Stored data entries ▸

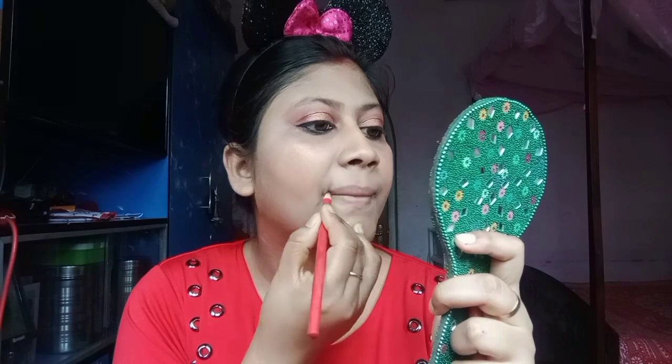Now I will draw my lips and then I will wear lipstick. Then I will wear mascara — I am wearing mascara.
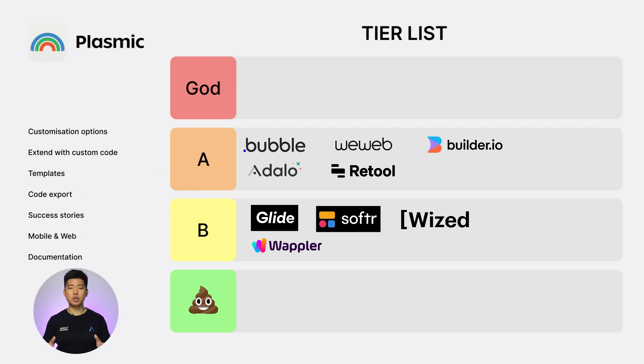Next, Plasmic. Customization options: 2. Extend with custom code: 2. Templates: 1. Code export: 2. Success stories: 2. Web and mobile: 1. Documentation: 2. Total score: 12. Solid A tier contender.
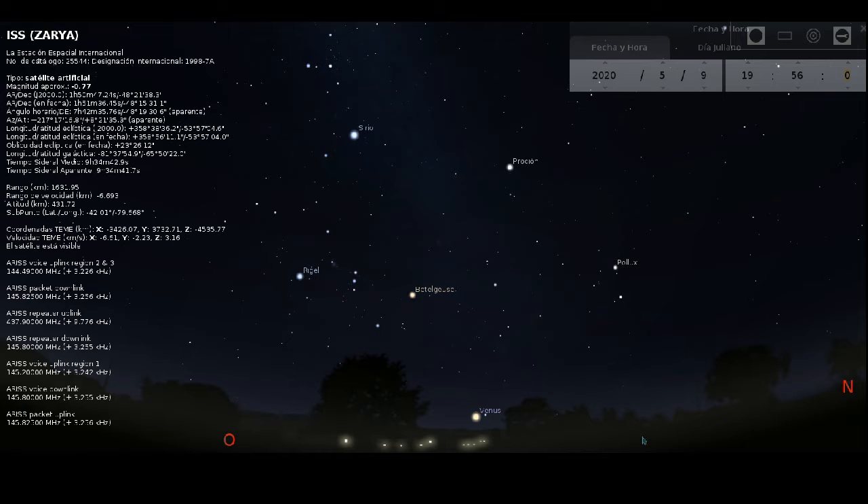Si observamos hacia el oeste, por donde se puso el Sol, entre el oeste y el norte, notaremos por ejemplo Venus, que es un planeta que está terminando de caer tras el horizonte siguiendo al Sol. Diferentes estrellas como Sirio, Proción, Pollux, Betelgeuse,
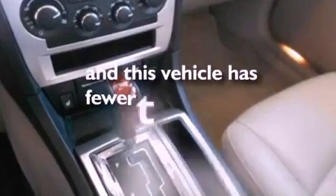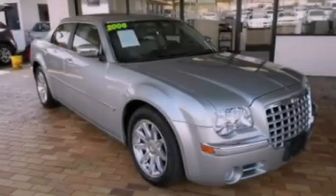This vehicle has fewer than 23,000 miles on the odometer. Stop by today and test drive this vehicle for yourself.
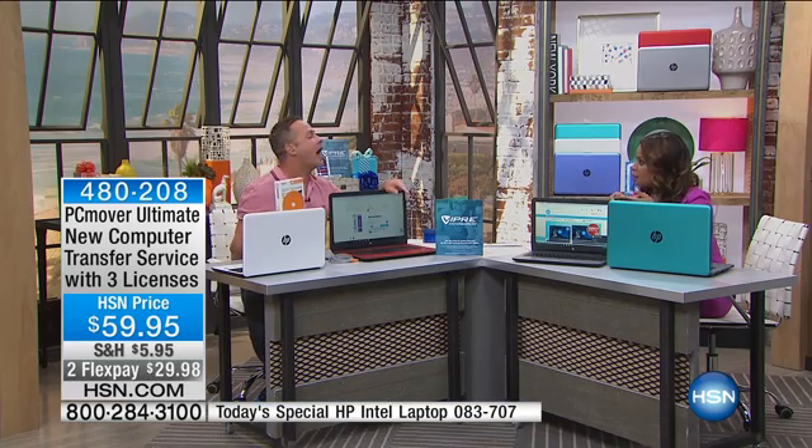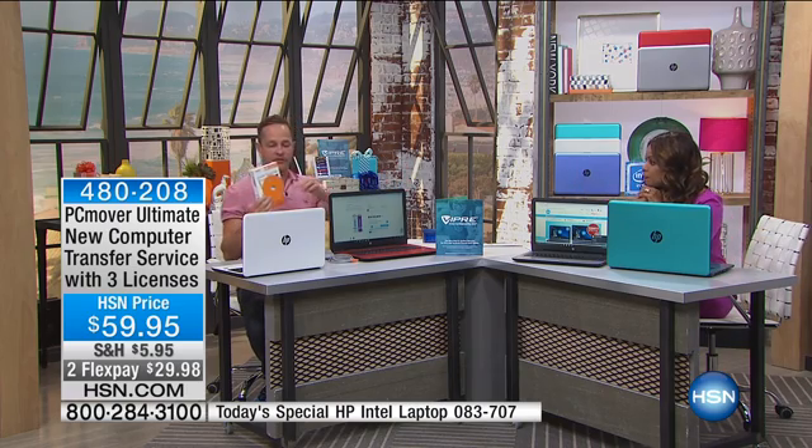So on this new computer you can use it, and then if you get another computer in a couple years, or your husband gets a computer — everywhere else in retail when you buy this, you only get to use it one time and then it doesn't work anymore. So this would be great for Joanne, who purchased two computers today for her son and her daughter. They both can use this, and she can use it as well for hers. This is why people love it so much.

WHAT YOU SHOULD DO ▸
The required output is the lines from the one containing "Next, Plasmic. Customization" through the end of the data, printed exactly, with no pictures.

EXPECTED OUTPUT ▸
Next, Plasmic. Customization options: 2. Extend with custom code: 2. Templates: 1. Code export: 2. Success stories: 2. Web and mobile: 1. Documentation: 2. Total score: 12. Solid A tier contender.
Si observamos hacia el oeste, por donde se puso el Sol, entre el oeste y el norte, notaremos por ejemplo Venus, que es un planeta que está terminando de caer tras el horizonte siguiendo al Sol. Diferentes estrellas como Sirio, Proción, Pollux, Betelgeuse,
This vehicle has fewer than 23,000 miles on the odometer. Stop by today and test drive this vehicle for yourself.
So on this new computer you can use it, and then if you get another computer in a couple years, or your husband gets a computer — everywhere else in retail when you buy this, you only get to use it one time and then it doesn't work anymore. So this would be great for Joanne, who purchased two computers today for her son and her daughter. They both can use this, and she can use it as well for hers. This is why people love it so much.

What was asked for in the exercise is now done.